Passion and Painting. Russian Art since 1970
The Transition from the Soviet Union to Russia
The Kunstmuseum Bern is now showing one of the key collections of Russian contemporary art. Arina Kowner’s collection comprises over 200 works of art by 48 artists from 1970 to 2008. The focus of the collection is the period of social and political transition in the former East Bloc from 1984 to 1996, presenting an art-historical documentation of unique epochal change. The show is part of the series of exhibitions in Bern on Russian contemporary art.
Arina Kowner, a collector based in Zurich who originally came from
Russia, knew or is acquainted with many of the artists whose works she
now owns. As Kowner puts it herself: "Acquiring a work of art is mostly
linked to a personal encounter." Correspondingly she describes her
collection as a "great documentation of memories that had a vital impact
on my life."
A dialogue that transgresses borders
Leningrad and Moscow were the two centers in which artists from all over the Soviet Union came together. The exhibition reflects the different art styles and approaches as well as the typical subject matter for each of the two cities. In the show famous Russian nonconformists are being presented who worked largely underground until 1989 because they refused to adopt socialist realism as propagated by the Socialist Party. Among them we find artists such as Grisha Bruskin, Vladimir Nemukhin, Dmitri Prigov, and Edik Steinberg. Additionally, there are also works in the exhibition of Leningrad artists who are still relatively unknown in Switzerland. For example, Sergei Bugaev, called "Africa," or Timur Novikov, the leading figure in Leningrad art and the city’s art scene, and not to forget the very provocative Vladislav Mamyshev, who calls himself "Monroe" and also stages himself as the famous actress and icon. The collector’s interests extend beyond Russian art. She is fascinated not only by art that addresses transformations in Russian life but likewise by art that engages with the universal problems of existence. Therefore she is, of course, also interested in Western art. The exhibition will thus additionally show works from Arina Kowner’s collection by artists such as Alois Lichtsteiner, Robert Mangold, Bruce Nauman, Markus Raetz, and Andy Warhol – in dialogue with Russian art approaches.

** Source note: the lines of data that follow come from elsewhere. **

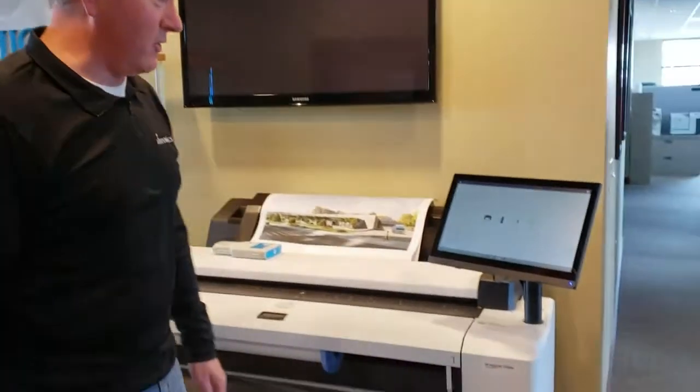Hi everyone, Gene here with Master Graphics. Today I'd like to show you how to change an ink cartridge on the HP T2600.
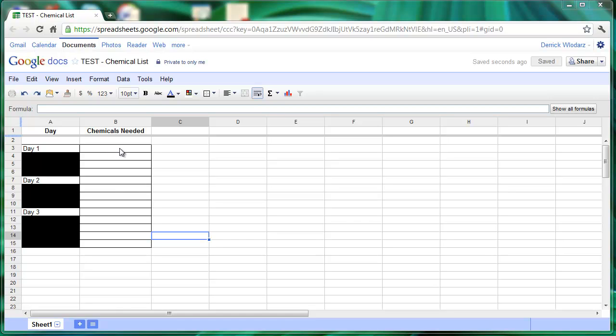These cells here in this column called Chemicals Needed, we're going to use drop-down lists in each cell to allow a teacher or student to quickly choose a piece of data that's going to go into the field. We're going to actually have a list of chemicals to choose from, and I'm going to show you how you can set that up very easily.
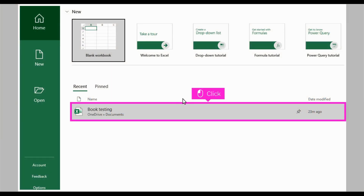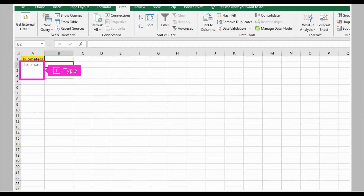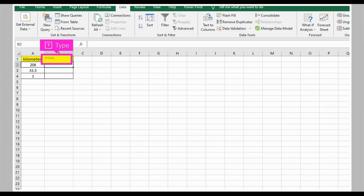The first step is to open Microsoft Excel and click File. Type your kilometer values in a column. On another column, create cells for your miles.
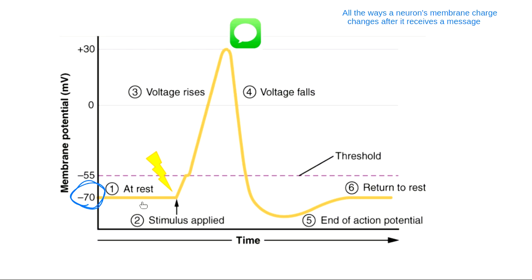When a neuron is at resting membrane potential, it's listening to its environment to see what the cells around it are saying. The messages that neurons send to each other are labeled on the graph as a stimulus. There is a specific name for the type of chemicals that neurons use to send messages — those chemicals are called neurotransmitters.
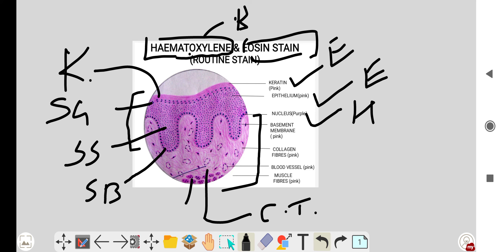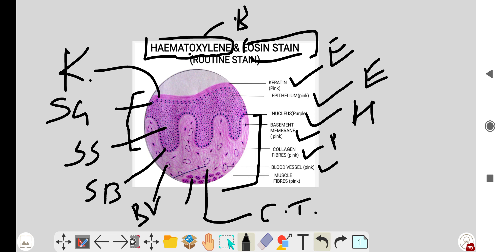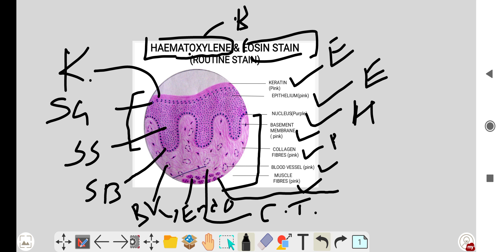The nuclei stain dark purple with hematoxylin. The basement membrane, which separates the epithelium from the connective tissue, is also pink. Collagen is pink, blood vessels are pink, but the nuclei of the endothelial cells are dark purple or dark blue. Muscles are also pink, but muscle nuclei are dark purple.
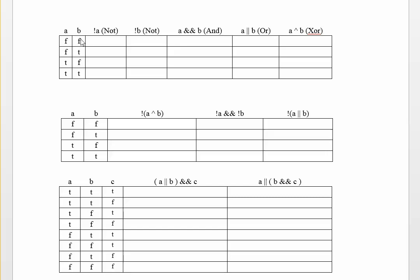And that's why we have four different rows, because they represent what A and B can be. They can either both be false or A can be false and B can be true. Or the opposite of that, A could be true or B could be false. Or they could both be true. Those are the only possible combinations. And so our truth table can only have four rows in it when you're dealing with two Boolean variables. So now the rest of the truth table is calculated by basically running the operation against the variables inside each of these cells and seeing what you get.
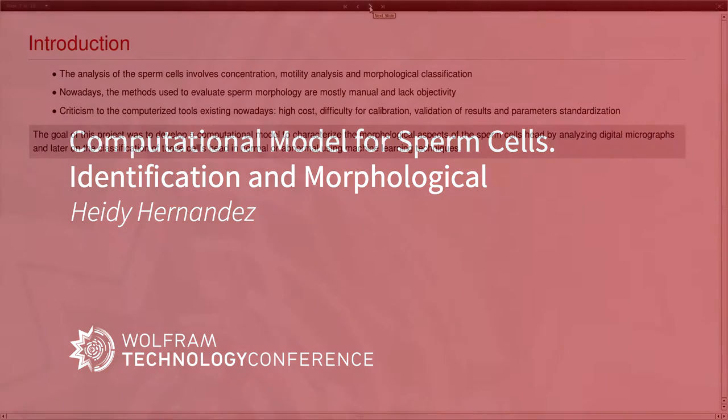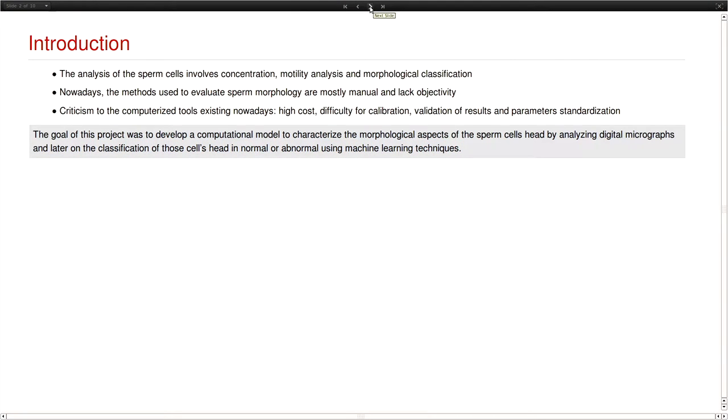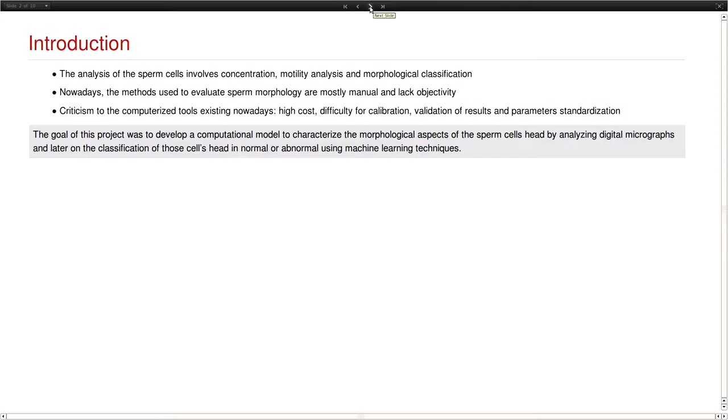First of all, the analysis of the sperm cells involves concentration, motility analysis, and morphological classification. There is also a macroscopical analysis that's made to the samples. But in terms of the microscopical analysis this is what usually is done. Nowadays, the methods used to evaluate sperm morphology are mostly manual and lack objectivity.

Bern as a hub for the Russian avant-garde
Glasnost and perestroika opened up the opportunity for organizing exhibitions of unofficial art from Moscow and Leningrad in the West. They were the key art attractions during the 1980s and the early 1990s. Initiated by the Swiss diplomat Paul Jolles, Ilya Kabakov’s first large exhibition in the West took place in the Kunstmuseum Bern in 1984. Bern developed into a focal point for the Russian avant-garde. In 1988, the Kunstmuseum Bern presented the now legendary exhibition I live – I see: Moscow Artists of the 1980s. In it the works already anticipate a break with political and social traditions. The exhibition Avant-garde Underground – The Bar-Gera Collection followed in 2005. The current show therefore is a continuation of a whole series of exhibitions on Russian contemporary art in Bern.
Among others, we are presenting works by: Grisha Bruskin, Sergei Bugaev (called "Africa"), Alois Lichtsteiner, Vladislav Mamyshev, Robert Mangold, Bruce Nauman, Vladimir Nemukhin, Timur Novikov, Dmitri Prigov, Markus Raetz, Edik Steinberg, and Andy Warhol.